### Activity:
The listing must be copied out in full and exactly; no images go with it.

### Raw data:
┄┄┄┄┄┄
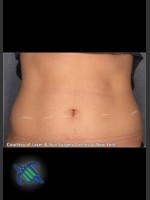 Before Photo Treatment of Lower Abdomen with CoolSculpting - Prejuvenation Before & After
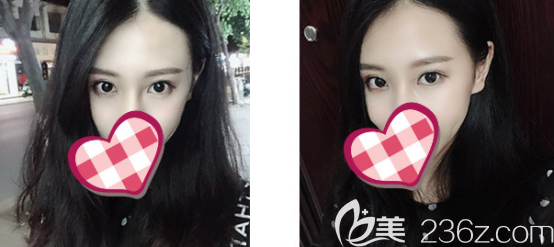 自從我在德州天宏做了全切雙眼皮之后我就成了他們家的鐵粉了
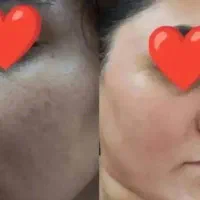 صابون سفیدکننده جهانی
┄┄┄┄┄┄
### Result for this exercise:
 Before Photo Treatment of Lower Abdomen with CoolSculpting - Prejuvenation Before & After
 自從我在德州天宏做了全切雙眼皮之后我就成了他們家的鐵粉了
 صابون سفیدکننده جهانی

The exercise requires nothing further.